Niagara Parks a établi un dossier enviable d’intendance des terres. La définition de notre mission environnementale « Améliorer la qualité environnementale et le développement durable dans l’ensemble des parcs pour le bénéfice des visiteurs, des employés et des associés » est visible dans nos nombreuses et importantes initiatives de préservation de l’environnement.

Notre engagement environnemental comprend des programmes d’intendance et de leadership fondés sur les principes suivants :

  • Conservation
  • Éducation
  • Gestion de l’environnement
  • Innovation
  • Préservation et Restauration

Engagements environnementaux

Niagara Parks s’engage à utiliser la sensibilité environnementale dans toutes ses opérations et à :

  • Mettre en œuvre des projets d’initiatives vertes axées sur la préservation et l’amélioration générales des caractéristiques naturelles existantes
  • Créer des partenariats avec les secteurs public et privé pour des projets qui soutiennent et améliorent la qualité environnementale du Parc, comme notre participation à la campagne de réduction des émissions dans l’atmosphère Spare the Air.
  • Utiliser les meilleures technologies et pratiques disponibles en faveur de l’environnement, lorsque cela s’avère techniquement et économiquement viable.
  • Participer activement à un système intégré de gestion des déchets pour réduire, réutiliser, recycler et composter
  • Développer un enseignement autour de nos engagements en faveur de l’environnement et des pratiques de conservation, former et motiver nos employés pour qu’ils se sentent responsables de l’environnement
  • La conservation garantie de l’eau est une composante essentielle de tous nos plans
  • Participer activement aux programmes de nos parcours de golf visant à améliorer la gestion de l’environnement
  • Proposer et promouvoir un leadership dans les domaines de la protection, de la gestion et de la durabilité de l’environnement
  • Respecter les lois et règlements en vigueur en matière d’environnement

Project Green Initiatives

Niagara Parks s’engage dans un certain nombre de projets visant à l’écologisation du Parc grâce à :

  • Conservation
  • Restauration
  • Préservation
  • Éducation
  • Gestion
people hiking in forest holding hands
Géocaching au sein des Niagara Parks

Le géocaching est une activité de plein air qui ressemble à une chasse au trésor.
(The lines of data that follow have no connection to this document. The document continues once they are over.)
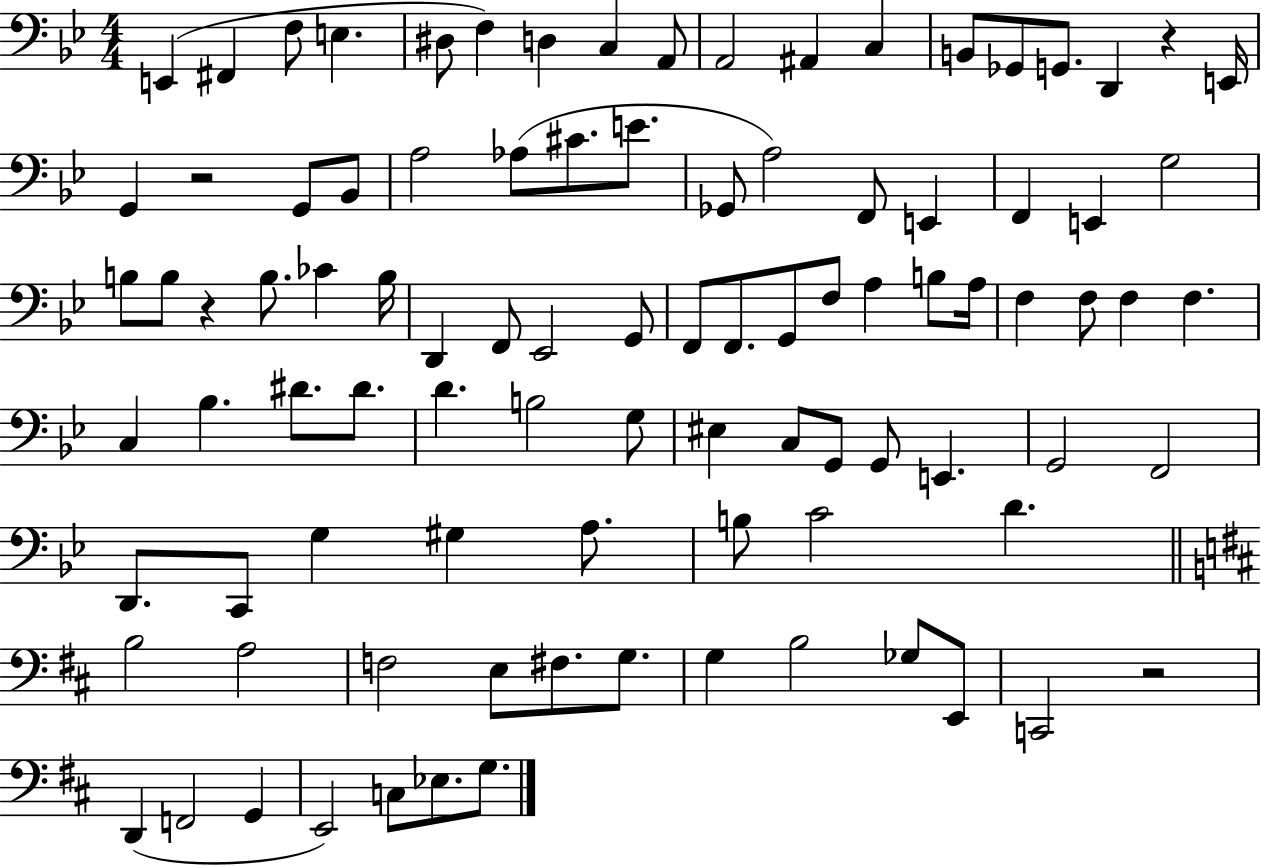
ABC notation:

X:1
T:Untitled
M:4/4
L:1/4
K:Bb
E,, ^F,, F,/2 E, ^D,/2 F, D, C, A,,/2 A,,2 ^A,, C, B,,/2 _G,,/2 G,,/2 D,, z E,,/4 G,, z2 G,,/2 _B,,/2 A,2 _A,/2 ^C/2 E/2 _G,,/2 A,2 F,,/2 E,, F,, E,, G,2 B,/2 B,/2 z B,/2 _C B,/4 D,, F,,/2 _E,,2 G,,/2 F,,/2 F,,/2 G,,/2 F,/2 A, B,/2 A,/4 F, F,/2 F, F, C, _B, ^D/2 ^D/2 D B,2 G,/2 ^E, C,/2 G,,/2 G,,/2 E,, G,,2 F,,2 D,,/2 C,,/2 G, ^G, A,/2 B,/2 C2 D B,2 A,2 F,2 E,/2 ^F,/2 G,/2 G, B,2 _G,/2 E,,/2 C,,2 z2 D,, F,,2 G,, E,,2 C,/2 _E,/2 G,/2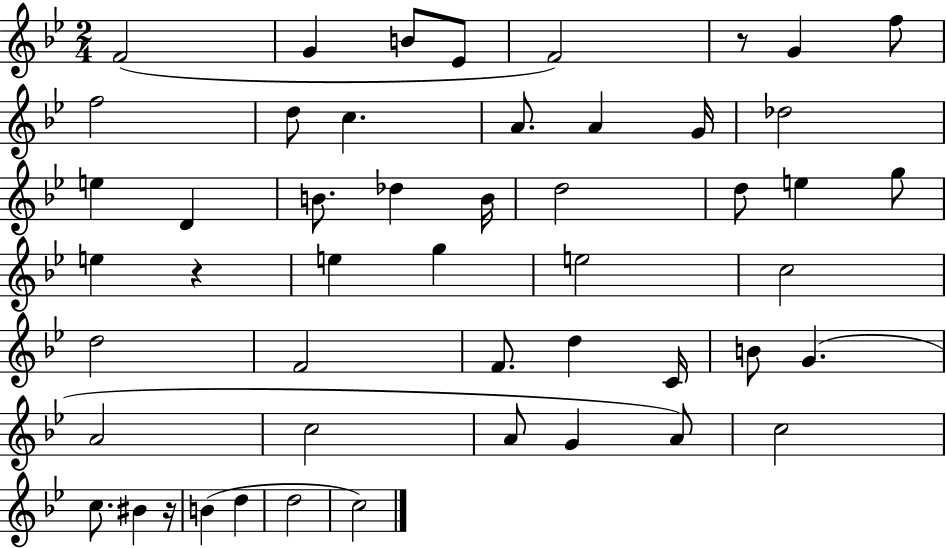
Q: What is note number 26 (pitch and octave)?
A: G5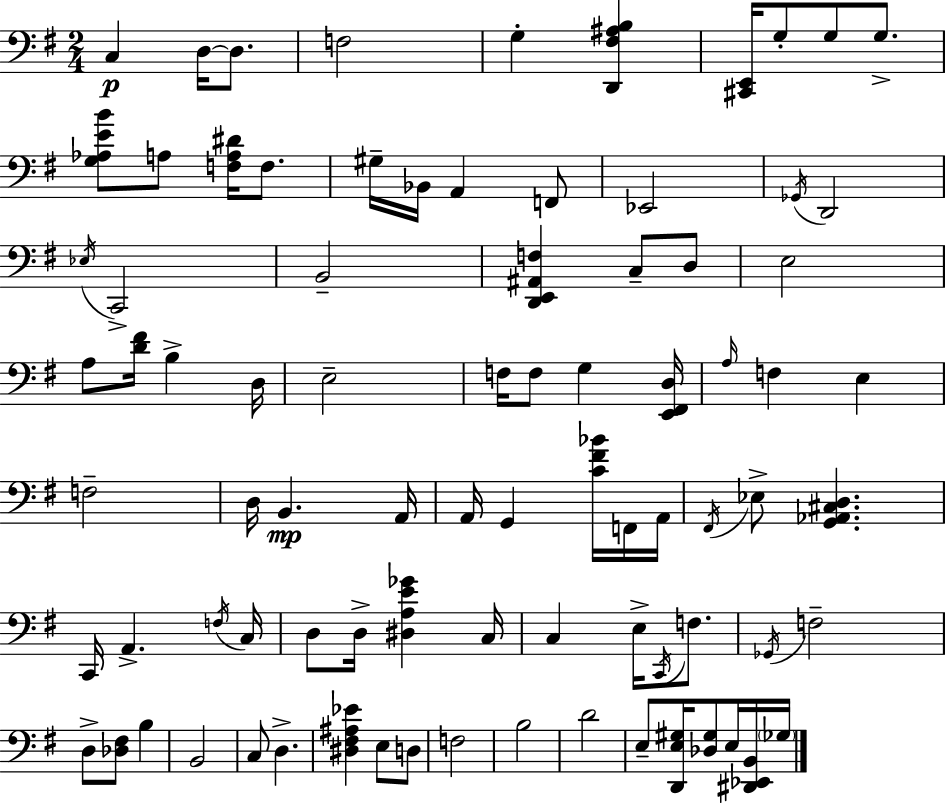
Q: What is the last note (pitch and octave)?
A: Gb3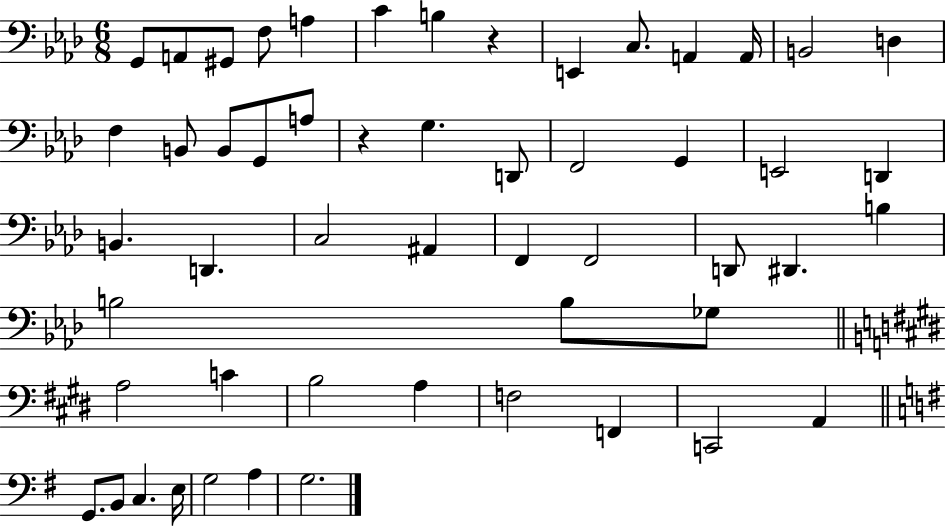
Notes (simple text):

G2/e A2/e G#2/e F3/e A3/q C4/q B3/q R/q E2/q C3/e. A2/q A2/s B2/h D3/q F3/q B2/e B2/e G2/e A3/e R/q G3/q. D2/e F2/h G2/q E2/h D2/q B2/q. D2/q. C3/h A#2/q F2/q F2/h D2/e D#2/q. B3/q B3/h B3/e Gb3/e A3/h C4/q B3/h A3/q F3/h F2/q C2/h A2/q G2/e. B2/e C3/q. E3/s G3/h A3/q G3/h.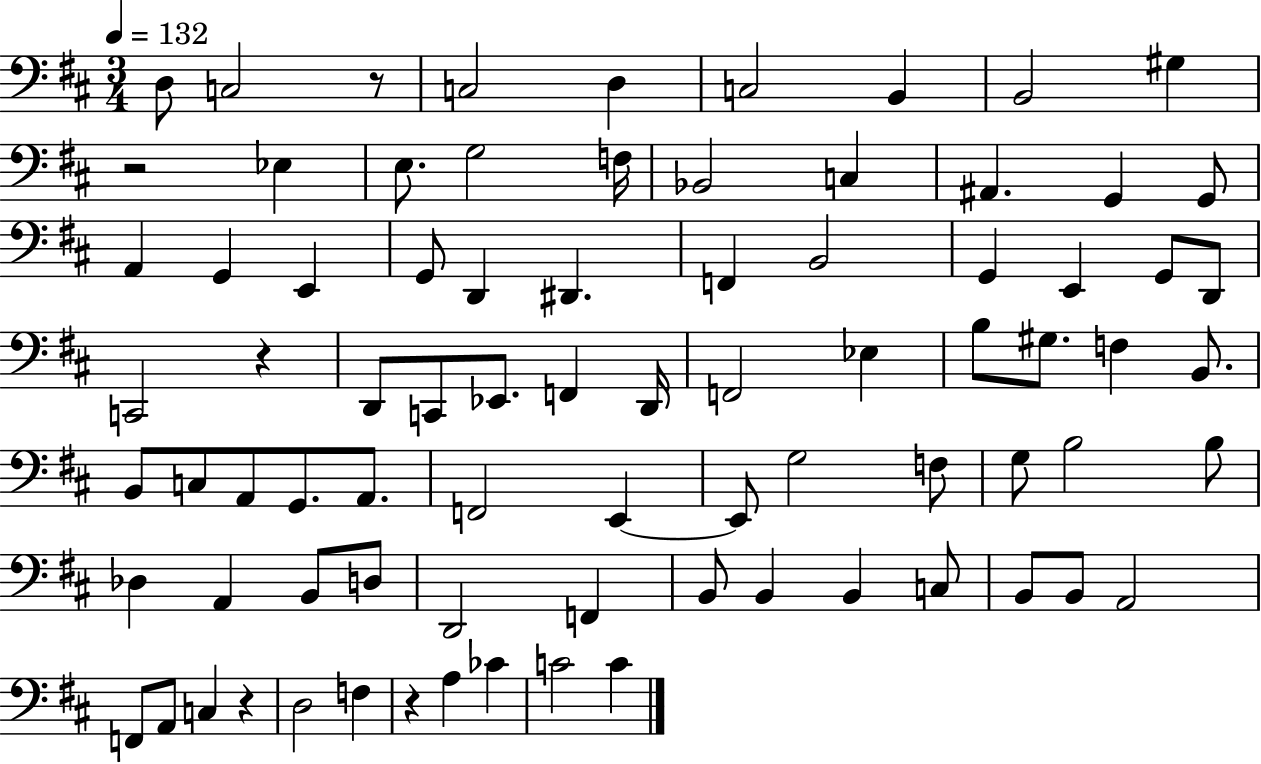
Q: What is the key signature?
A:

L’objectif de cette activité est de trouver des conteneurs cachés connus sous le nom de caches ou de géocaches à l’aide d’un dispositif de navigation par satellite, appelé récepteur GPS. Les personnes qui pratiquent cette activité (généralement appelées cacheurs ou géocacheurs) placent une cache à l’extérieur et en publient les latitudes et longitudes sur Internet. D’autres géocacheurs utilisent ensuite leurs appareils GPS pour télécharger les coordonnées et les descriptions des caches sur Internet afin de les retrouver.

Entretien optimal des plantes

La majorité des propriétés de Niagara Parks, qui représente plus de 1 700 hectares, ne reçoit plus aucun pesticide. Nous y sommes parvenus grâce à une approche de lutte antiparasitaire intégrée, y compris à des pratiques comme la surveillance accrue, les alternatives biologiques aux pesticides traditionnels ainsi que l’utilisation des produits les moins toxiques et les moins persistants possibles. Les problèmes des parasites sont rarement contrôlés par des applications préventives de pesticides mais sont abordés dans le cadre d’un examen et d’une évolution de la nécessité d’appliquer des pesticides. Tout membre du personnel utilisant ces produits est entièrement formé et certifié par le gouvernement, à la suite d’un examen.

Nos exploitations de Golf sont également engagées dans la lutte antiparasitaire intégrée. Grâce à une surveillance régulière, à des pratiques de cultures envahissantes, à l’utilisation d’autres produits de contrôle, aux nouvelles techniques de fertilisation et à une meilleure compréhension des caractéristiques des parasites, les applications de pesticides sont considérées comme un dernier recours lors du contrôle des pressions parasitaires. En plus, nos installations légendaires sur les parcours du Niagara ont obtenu une certification complète du programme Audubon Cooperative Sanctuary, un programme primé d’éducation et de certification aidant les terrains de golf à protéger notre environnement et à préserver le patrimoine naturel du golf.

Recyclage et compostage

Les programmes de recyclage et de compostage au sein de notre Parc ont longtemps été reconnus comme un modèle pour les parcs et autres activités à travers le pays. L’une de nos principales initiatives est l’utilisation de plastique biodégradable et le recyclage des imperméables à Journey Behind the Falls, qui accueille des millions de visiteurs chaque année.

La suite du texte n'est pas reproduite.